Bajazet () is an opera by Francesco Gasparini, a revision of his 1711 work Tamerlano. It was first performed at the Teatro Pubblico in Reggio Emilia in 1719, with designs by Pietro Righini.

The first production included Francesco Borosini in the title role,  Antonio Bernacchi (Tamerlano), Marina Benta Bulgarelli (Asteria), Faustina Bordoni (Irene), Diana Vico (Andronico), Antonio Piasi (Clearco), Battista Roberti (Leone) and Girolamo Bartoluzzi Regiano (Zaida).
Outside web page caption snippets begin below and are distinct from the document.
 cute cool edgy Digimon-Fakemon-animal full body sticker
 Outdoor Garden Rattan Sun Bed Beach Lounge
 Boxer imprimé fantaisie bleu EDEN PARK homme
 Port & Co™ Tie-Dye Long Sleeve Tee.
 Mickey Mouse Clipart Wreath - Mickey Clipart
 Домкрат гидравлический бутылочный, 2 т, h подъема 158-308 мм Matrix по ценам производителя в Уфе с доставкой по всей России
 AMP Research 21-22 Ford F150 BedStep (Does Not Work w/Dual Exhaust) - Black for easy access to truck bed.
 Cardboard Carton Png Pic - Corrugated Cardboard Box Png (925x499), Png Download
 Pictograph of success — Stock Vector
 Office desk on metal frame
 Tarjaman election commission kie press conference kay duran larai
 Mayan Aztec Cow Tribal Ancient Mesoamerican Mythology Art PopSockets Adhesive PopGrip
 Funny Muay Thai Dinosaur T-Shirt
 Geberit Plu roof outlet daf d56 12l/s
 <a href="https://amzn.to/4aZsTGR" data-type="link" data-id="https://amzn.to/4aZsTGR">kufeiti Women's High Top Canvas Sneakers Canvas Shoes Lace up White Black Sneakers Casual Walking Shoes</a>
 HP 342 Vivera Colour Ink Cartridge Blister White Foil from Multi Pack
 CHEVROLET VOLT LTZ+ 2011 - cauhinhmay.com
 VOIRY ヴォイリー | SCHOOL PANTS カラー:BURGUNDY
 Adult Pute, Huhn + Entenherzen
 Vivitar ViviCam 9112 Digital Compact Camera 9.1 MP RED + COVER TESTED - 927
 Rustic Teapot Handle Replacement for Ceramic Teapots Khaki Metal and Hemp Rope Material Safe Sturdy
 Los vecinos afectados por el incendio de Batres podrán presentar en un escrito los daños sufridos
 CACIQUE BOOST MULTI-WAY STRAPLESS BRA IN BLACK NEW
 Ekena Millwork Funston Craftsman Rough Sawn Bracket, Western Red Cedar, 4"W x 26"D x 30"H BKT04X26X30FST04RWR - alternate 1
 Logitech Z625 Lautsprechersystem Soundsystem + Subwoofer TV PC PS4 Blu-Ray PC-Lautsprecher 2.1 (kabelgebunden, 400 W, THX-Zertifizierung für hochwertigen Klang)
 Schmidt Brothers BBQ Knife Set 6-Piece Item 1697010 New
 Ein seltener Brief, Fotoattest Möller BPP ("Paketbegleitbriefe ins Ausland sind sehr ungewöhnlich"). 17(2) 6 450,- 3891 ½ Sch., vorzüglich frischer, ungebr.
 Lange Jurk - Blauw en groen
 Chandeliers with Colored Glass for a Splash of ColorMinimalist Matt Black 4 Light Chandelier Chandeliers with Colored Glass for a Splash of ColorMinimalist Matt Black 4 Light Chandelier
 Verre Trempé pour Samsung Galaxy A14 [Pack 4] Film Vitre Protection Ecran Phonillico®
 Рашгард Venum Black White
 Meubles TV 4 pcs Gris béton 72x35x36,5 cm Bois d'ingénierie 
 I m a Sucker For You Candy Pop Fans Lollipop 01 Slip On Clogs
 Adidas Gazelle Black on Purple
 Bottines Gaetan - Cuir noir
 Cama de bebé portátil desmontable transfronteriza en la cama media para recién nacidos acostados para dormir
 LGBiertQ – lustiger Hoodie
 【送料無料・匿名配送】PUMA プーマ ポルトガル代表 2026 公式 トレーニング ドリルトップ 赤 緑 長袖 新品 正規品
A second production was staged in Venice in 1723. Three versions of the work are known, but it is only the 1719 one for which all the music is known to have survived.

Composition
Bajazet was a nearly complete rewrite of Tamerlano - there are only six arias in common between them. The rewriting was prompted by the need to rework the material around the renowned tenor Francesco Borosini. The original libretto by Agostino Piovene was extensively rewritten by Ippolito Zanelli - the role of Bajazet was expanded and made central to the new work, with his suicide now shown on stage rather than merely described.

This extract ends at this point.